To hear state Insurance Commissioner Mike Kreidler tell it, employees of businesses that purchase health insurance through trade groups have been getting unequal treatment.

A carpenter with one contractor might pay a lot more for health coverage than a similar employee at a second company — potentially $3,300 more per year for the same policy. Or the oldest worker could be paying up to eight times what the youngest paid for the same health plan.

Kreidler believed this was unacceptable, if not illegal under the federal Affordable Care Act. So he took steps to disqualify about a dozen trade groups’ rate proposals from 2014, saying he needed more details to verify that the premium disparities were legitimate.

But several business associations — including the Building Industry Association of Washington, which is made up of contractors, the Master Builders Association of King and Snohomish Counties, and the Northwest Marine Trade Association — pushed back. They said it was outside Kreidler’s legal reach to treat them as insurers and that they only negotiate the best rates they can for members.

Fearful that Kreidler’s regulatory push might cause insurers to stop offering this source of affordable health coverage, the three association health plans and Cambia Health Solutions filed a legal challenge.

Statewide, AHPs serve about 500,000 workers, and Kreidler’s actions affected about half of them, so this was no small issue.

Early this month, administrative law judge George Finkle, who heard the case on behalf of the Office of the Insurance Commissioner, ruled that Kreidler was wrong and that associations were right.
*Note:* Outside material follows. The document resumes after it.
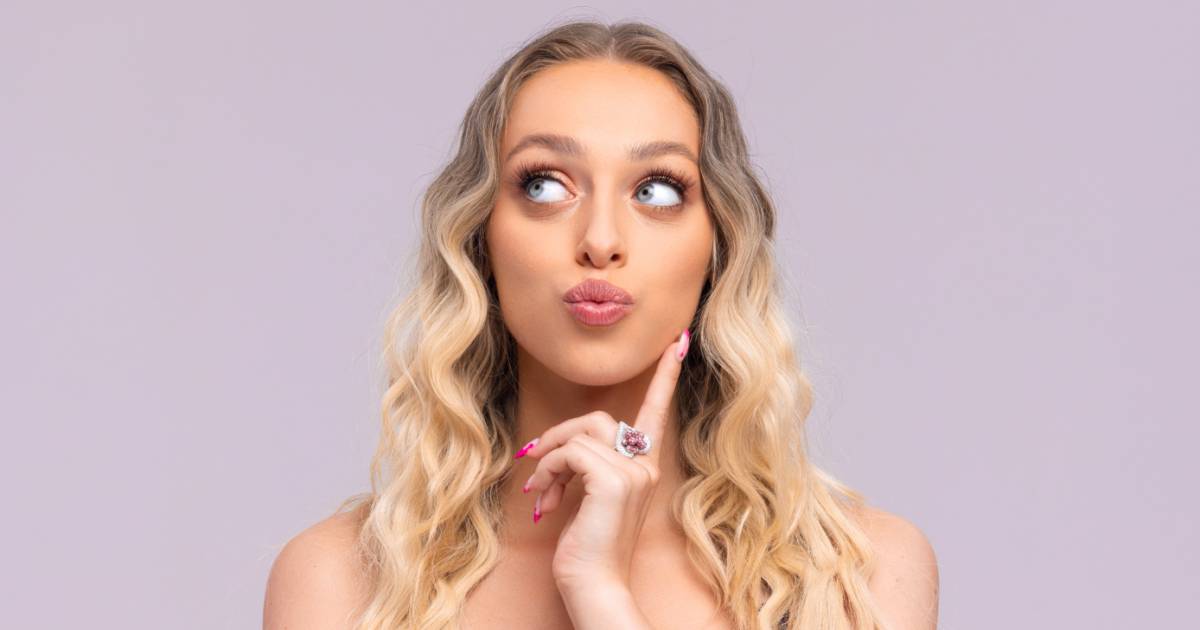 Tijdens dat interview ontsnapte er een scheetje Zangeres Camille (21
Finkle found Kreidler’s office has authority to regulate association health plans to assure compliance with state and federal laws, but not the authority he’d claimed under the ACA.

Kreidler gave up his fight.

“We are relieved. It gives peace of mind,” said Jonathan Hensley, president and chief strategy officer for Capital Benefit Services, Inc., which serves as a broker and consultant for the AHPs that took on the OIC. “It does resolve an issue that has been outstanding for the better part of 15 years.’’

Hensley and others have said that employers were always free to go onto the open market and find alternatives if they thought rates were excessive.

The association plans have long been a part of the insurance landscape in Washington, and Kreidler’s office says Washington has an unusually large number compared with other states.

Despite dropping the legal challenge, Kreidler thinks the Legislature, Congress or even the federal Department of Health and Human Services could change the rules, allowing more oversight of AHPs.

“We were asking for information about how they set the rates. We still don’t know,” OIC spokesman Steve Valandra said. “The commissioner still has the belief that it’s not a level playing field out there. He still thinks there are rates that are not fair to everyone.”

If Kreidler really wants to know, he should try to get a rule change. Otherwise this case looks closed.